Nella Bibbia, dunque, e nella teologia, le chiese devono trovare le basi per rivolgersi ai propri contemporanei. Il pastore Fiume aveva citato il teologo valdese Giovanni Miegge (1900-1961), che scriveva: «La Chiesa, che crede nella incarnazione di Cristo, ha il diritto e il dovere di ricordare anche allo Stato la dignità di quella umanità di cui Cristo si è rivestito».
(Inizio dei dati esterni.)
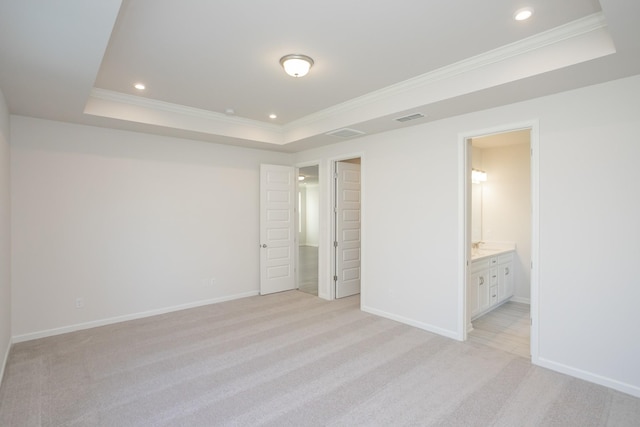 unfurnished bedroom with light colored carpet, connected bathroom, crown molding, and a raised ceiling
Da qui, non da altre considerazioni, nei prossimi giorni ci si potrà muovere per richiamare i governanti ai loro compiti. Sappiamo che ce n’è bisogno: siamo preoccupati, e resteremo preoccupati: l’importante è che, di fronte alle politiche più incomprensibili e più ingiustificabili, ma anche nel cuore dei lavori sinodali, quando si tratta di decidere dove fare andare la Chiesa, nessuno pensi di aver proposto egli stesso la soluzione giusta e di aver avuto ragione per meriti propri; Ognuno e ognuna, piuttosto, sappiano assecondare lo Spirito del Dio che non abbandona il suo popolo, né quando si tratta di indignarsi e protestare, né quando si tratta di prendere decisioni.